In our word count example, we are adding a new column with value 1 for each word, the result of the RDD is PairRDDFunctions which contains key-value pairs, word of type String as Key and 1 of type Int as value. For your understanding, I’ve defined rdd3 variable with type.
filter()
转换用于过滤 RDD 中的记录。 在我们的示例中,我们过滤所有以“a”开头的单词。
filter()
transformation is used to filter the records in an RDD. In our example we are filtering all words starts with “a”.
//过滤数据
//将以”a“开头的字母删除,会将删除结果返回
val rdd4: RDD[(String, Int)] = rdd3.filter(a => a._1.startsWith("a"))
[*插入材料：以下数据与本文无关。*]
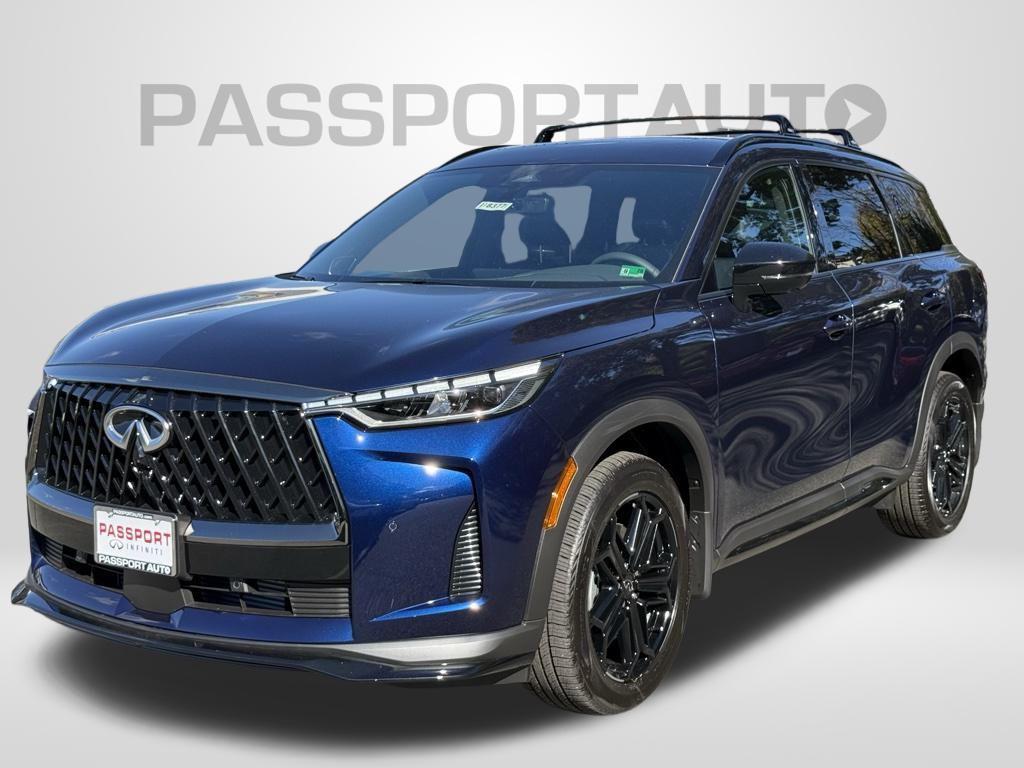 new 2026 INFINITI QX60 car, priced at $62,967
println("---------打印filter前5行------------")
rdd4.collect().take(5).foreach(println)
结果:
---------打印filter前5行------------
(anyone,1)
(anywhere,1)
(at,1)
(and,1)
(anyone,1)
reduceByKey()
将每个键的值与指定的函数合并。 在我们的示例中,它通过对 value 应用 sum 函数来统计单词字符的个数。 我们的 RDD 的结果包含唯一单词及其计数。
reduceByKey()
merges the values for each key with the function specified. In our example, it reduces the word string by applying the sum function on value. The result of our RDD contains unique words and their count.
//统计每个单词个数
/*
输入数据
(anyone,1)
(anywhere,1)
(at,1)
(and,1)
(anyone,1)
。。。
*/
val rdd5: RDD[(String, Int)] = rdd3.reduceByKey(_ + _)
println("---------打印reduceByKey前5行------------")
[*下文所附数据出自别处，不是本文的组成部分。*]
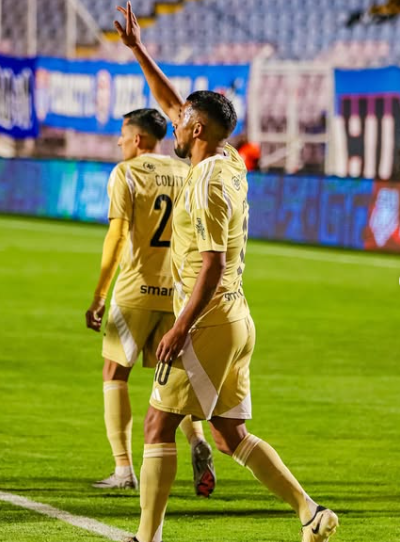 alt El argentino Iván Colman, motor de asistencias en la Liga Peruana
rdd5.collect().take(5).foreach(println)
结果:
---------打印reduceByKey前5行------------
(Gutenberg’s,9)
(is,27)
(Lewis,18)
(Wonderland,18)
(anyone,27)
sortByKey()
转换算子用于对键上的 RDD 元素进行排序。 在我们的示例中,首先,我们使用映射转换将 RDD[(String,Int]) 转换为 RDD[(Int,String]) 并应用 sortByKey,它理想地对整数值进行排序。 最后,带有 println 语句的 foreach 将 RDD 中的所有单词及其计数作为键值对打印到控制台。
sortByKey()
transformation is used to sort RDD elements on key. In our example, first, we convert RDD[(String,Int]) to RDD[(Int,String]) using map transformation and apply sortByKey which ideally does sort on an integer value. And finally, foreach with println statement prints all words in RDD and their count as key-value pair to console.
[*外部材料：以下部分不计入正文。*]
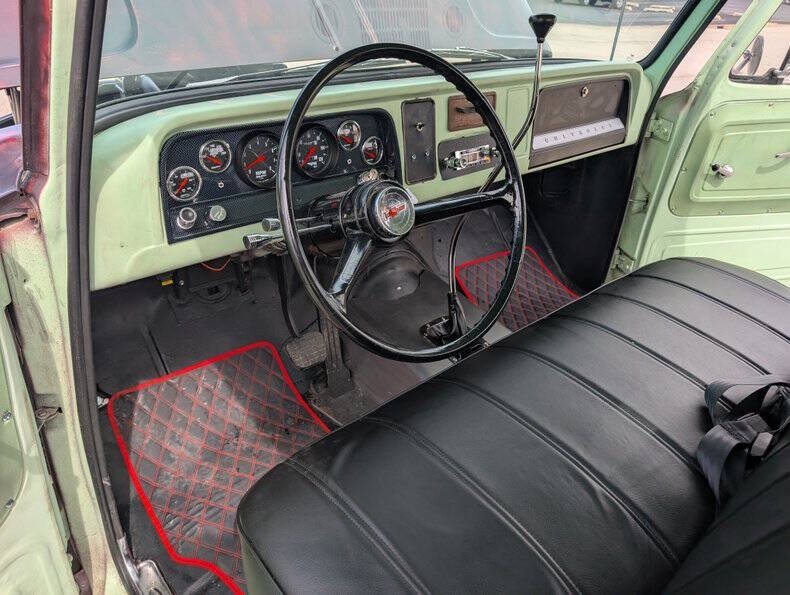 1966 Chevrolet C10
//先交换位置(String, Int) -> (Int,String)
//再按照单词出现的次数,即按照key,进行排序
val rdd6: RDD[(Int, String)] = rdd5.map(a => (a._2,a._1)).sortByKey()
println("---------打印sortByKey前5行------------")
rdd6.collect().take(5).foreach(println)
结果:
---------打印sortByKey前5行------------
(9,Gutenberg’s)
(9,Project)
(18,Lewis)
(18,Wonderland)
(18,Carroll)
import org.apache.spark.SparkContext
import org.apache.spark.rdd.RDD
import org.apache.spark.sql.SparkSession
object RDDTransfomersDemo {
def main(args: Array[String]): Unit = {
val spark: SparkSession = SparkSession.
builder()
.appName("RDDTransfomer")
.master("local")
.getOrCreate()
val sc: SparkContext = spark.sparkContext
/**
* 读取数据
* 数据样式为:
* Project Gutenberg’s
Alice’s Adventures in Wonderland
by Lewis Carroll
This eBook is for the use
of anyone anywhere
at no cost and with
* */
val RDD: RDD[String] = sc.textFile("InData/SparkScalaExampleData/test.txt")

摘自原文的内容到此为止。